Preliminary Hearings – Why you should be prepared

If you are an attorney or appearing without an attorney in an arbitration, you should be well prepared for the preliminary hearing.  Due to the little detail provided in a demand to arbitrate, it is essential for you to understand that arbitrator usually sets essential dates for the arbitration.  Since only a limited amount of information is exchanged in the early stages of arbitration, preparation for the hearing would be wise.  It is surprising that many attorneys do not realize that they are required to participate in a preliminary hearing, although this is a critical step in the arbitration process.  To obtain the benefits of arbitration and obtain the necessary information to present your case or defense, plan ahead.
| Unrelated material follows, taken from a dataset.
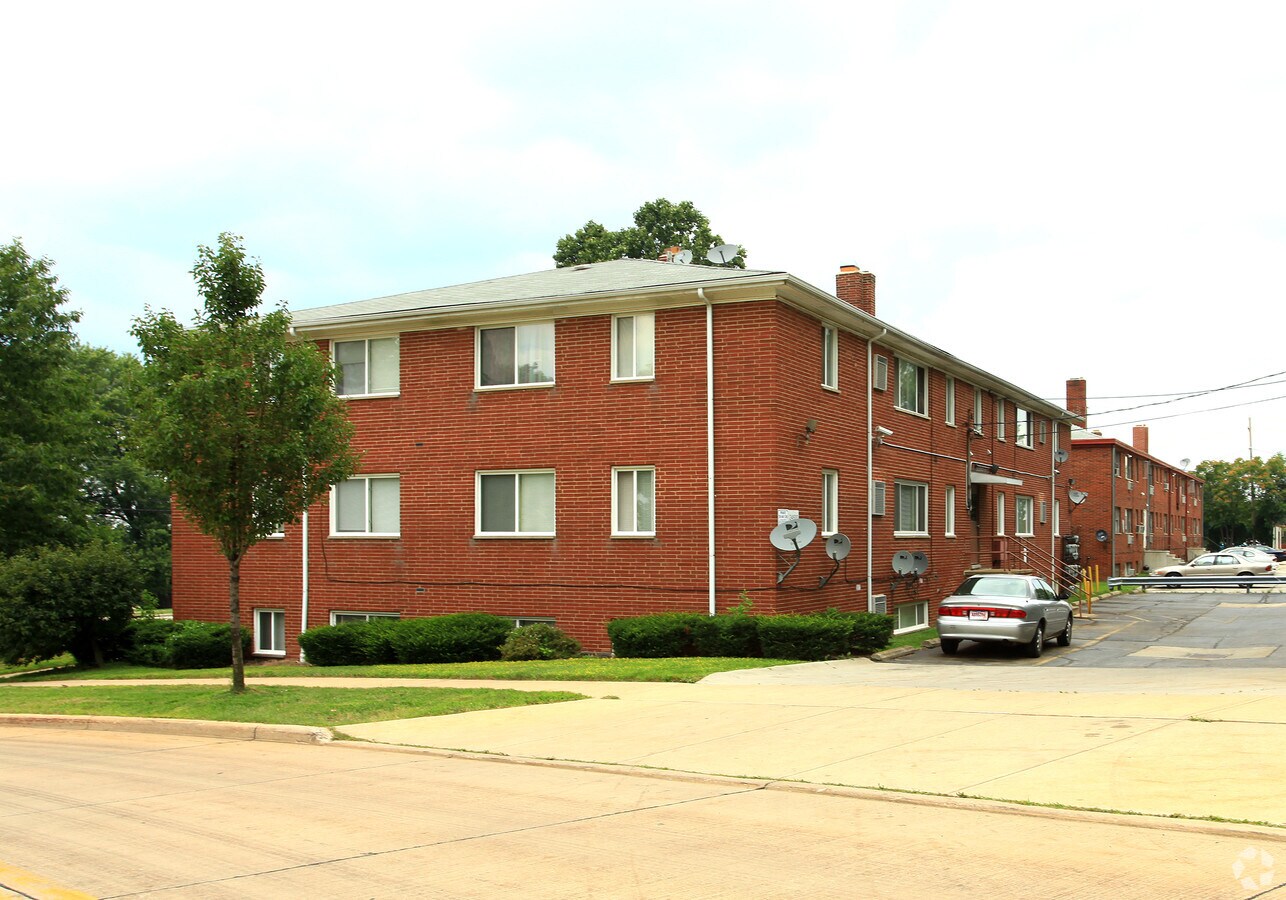 Photo - Beverly Hills Apartments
Prior to the preliminary hearing, look at available dates for the evidentiary hearing.   Many parties select arbitration to streamline the process and to obtain an adjudication of the claims within 180 days or less.  To achieve this goal, think about the following:

  • The scope of discovery.
  • The dates for exchanging documents.
  • Deadlines for discovery cut-off
  • Deadlines for Exhibit Lists.
  • Deadlines for Witness Lists.
  • Dates for exchanging expert reports.
  • Whether either party plans to file any prehearing motions, and if so, the dates for filing and replying to them.
  • How much time each side will need for direct and cross-examination at the evidentiary hearing.
  • Do the parties request an oral closing argument or will brief submissions suffice?
  • Whether the parties want a court reporter?

The Attorneys also should discuss the form of the award and all the claims and crossclaims included.  Attorneys should be aware that the more detailed an award, the more cost to the client. Obviously, the Arbitrator charges for the time taken to draft the award but all issues should be resolved at one time, rather than raising issues omitted from the award.